É o caso da exploração no offshore, feita mediante emissão de licença de exploração. Seria como liberar o projeto da Petrobras no FZA-M-59 (bloco 59), da Foz do Amazonas, sem estudos de impacto ambiental (EIA). “Estará configurada inconstitucionalidade”, diz a entidade.
Araújo, que foi presidente do Ibama, defendeu em coletiva com jornalistas a inclusão de dispositivos sobre as avaliações ambientais estratégicas (AAE), instrumentos previstos na legislação vigente, mas que não são aplicados.
No caso do setor de óleo e gás, há previsão de realização de estudos por bacias sedimentares — dois foram contratados e não concluídos. E ainda não há planos concretos para a Foz do Amazonas.
Além das áreas contratadas, onde a Petrobras pretende perfurar, a Agência Nacional do Petróleo, Gás Natural e Biocombustíveis (ANP) vai realizar em 17 de junho um leilão com mais 47 blocos.
“A lei de licenciamento deveria tratar de avaliação ambiental estratégica. E acho um tiro no pé o empresariado não querer, porque eles tratam como se fosse mais uma burocracia”, diz Suely Araújo.
“A tendência é que uma avaliação regional ambiental bem feita facilite [o licenciamento], porque já seriam afastados [locais] onde não pode haver determinados tipos de empreendimento”.
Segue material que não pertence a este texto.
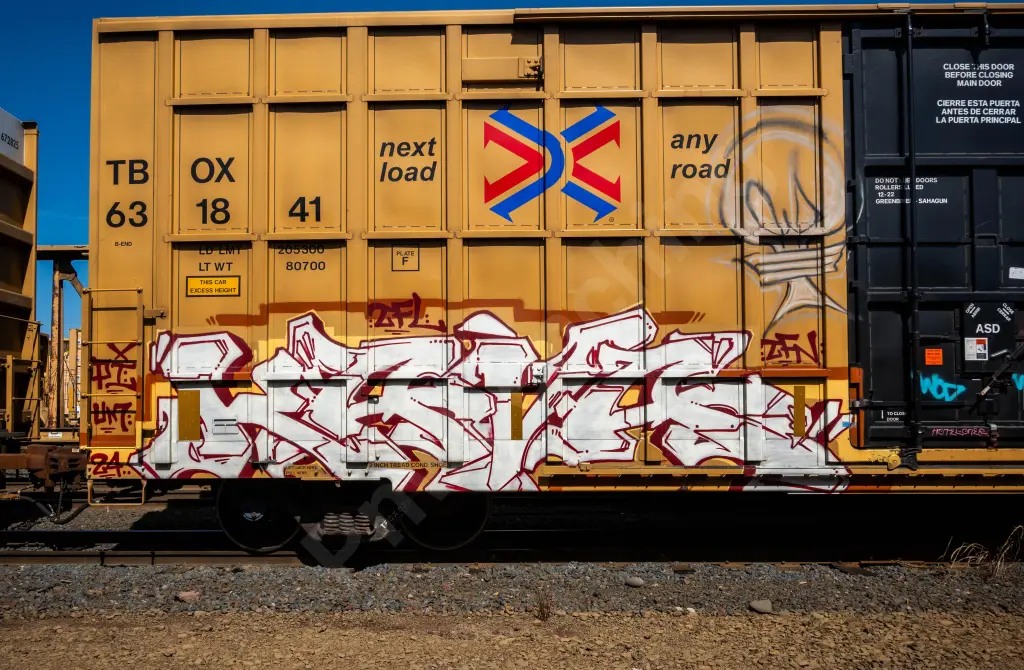 TBOX631841 - NORTH-AMERICA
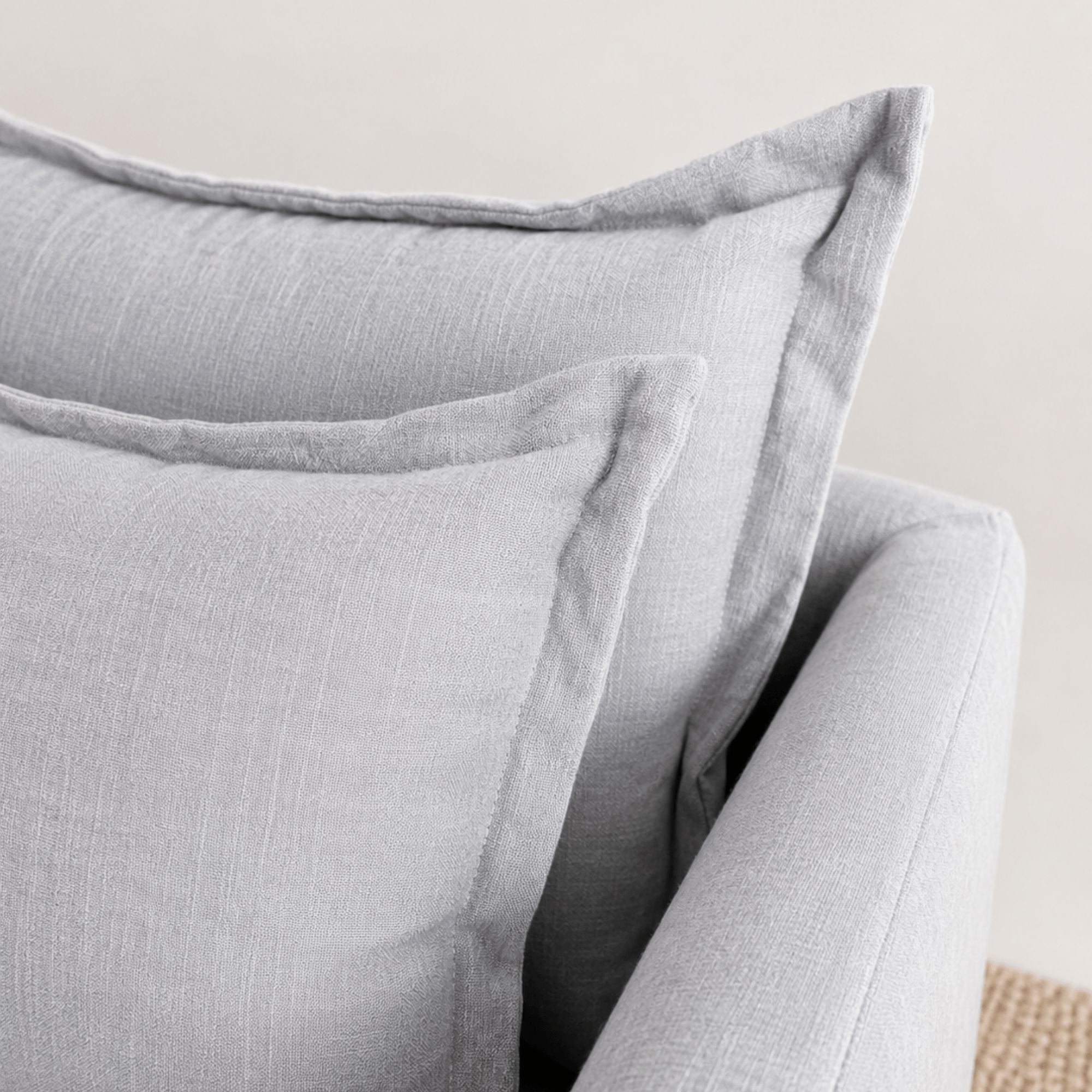 Noosa Sofa Living Furniture Beachwood Designs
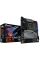 Placă de bază Gigabyte Z690 AORUS ELITE AX, LGA1700, Intel Z690, ATX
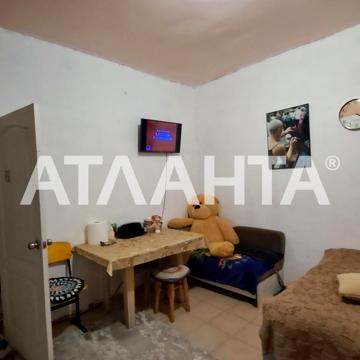 улица Колонтаевская, 46, Молдаванка, Приморский, Одесса, Одесская 40000.0 USD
Hidrogênio e data centers têm alto consumo de água
A diretora da Fundação SOS Mata Atlântica, Malu Ribeiro, chama atenção para o risco de se ignorar a relação entre o licenciamento e a disponibilidade hídrica das regiões, com a desvinculação entre a licença e a outorga do uso de água, por exemplo.
“A outorga é o instrumento que faz o elo entre a Política Nacional de Recursos Hídricos e a Política Nacional do Meio Ambiente. É ele que determina quanto e como se pode usar a água numa determinada bacia, e em que condição essa água pode ser devolvida ao ambiente”, explica.
Segundo ela, há casos no país em que a instalação de termelétricas foi barrada por conta do estresse hídrico, como nas bacias dos rios Piracicaba, Capivari e Jundiaí, no interior de São Paulo, onde há muita demanda por água, e ao mesmo tempo águas de baixa qualidade, por conta da poluição de rios.
“O comitê das bacias indicou que não havia como conceder outorga, e o licenciador negou o pedido. Mas se o licenciamento for concedido antes, quem vai ter coragem técnica ou política de negar a outorga depois?”, questiona.
É uma questão diretamente ligada ao aumento da produção de hidrogênio de baixo carbono — a rota verde (energia renovável e eletrólise) consome menos que outras alternativas.
Malu também alerta para o impacto do uso da água em data centers, que muitas vezes devolvem ao meio hídrico uma água aquecida, com consequências graves para os ecossistemas aquáticos.
“Nos Estados Unidos,por exemplo, um dos graves problemas foi relacionado à temperatura, porque a água voltou para o ambiente. Isso mata peixes, mata todo o ecossistema, impede diversos usos, aumenta a temperatura da água, leva à eutrofização da água”.
Ela lembra ainda que as termelétricas utilizam grandes volumes de água para refrigeração, convertendo-a em vapor, que se perde no ambiente — sem retorno ao ciclo hídrico. “Não podemos tratar a outorga como um carimbo burocrático. É um instrumento vital para a sustentabilidade hídrica do país”.
O diretor-adjunto do Instituto Democracia e Sustentabilidade, Marcos Woortmann, cita o caso da termelétrica que busca licenciamento para operar com captação de água em um córrego do Distrito Federal.
“Tem uma termelétrica que está buscando, nesse momento, ser licenciada, cujos impactos são absolutamente transparentes, são visíveis e existe uma pressão muito forte para ter socorro na capital do país, na capital da República”
Segundo ele, é justamente o processo de licenciamento ambiental que permite a participação da sociedade civil em apontar riscos.
“Estamos falando de impactos em cidades, estamos falando de impactos diretos em escolas, tudo isso mensurado, apresentado, inclusive, em audiência pública (…) Agora, quem que faz essas ponderações, quem que traz essas preocupações acerca das consequências é a sociedade civil, em grande medida”.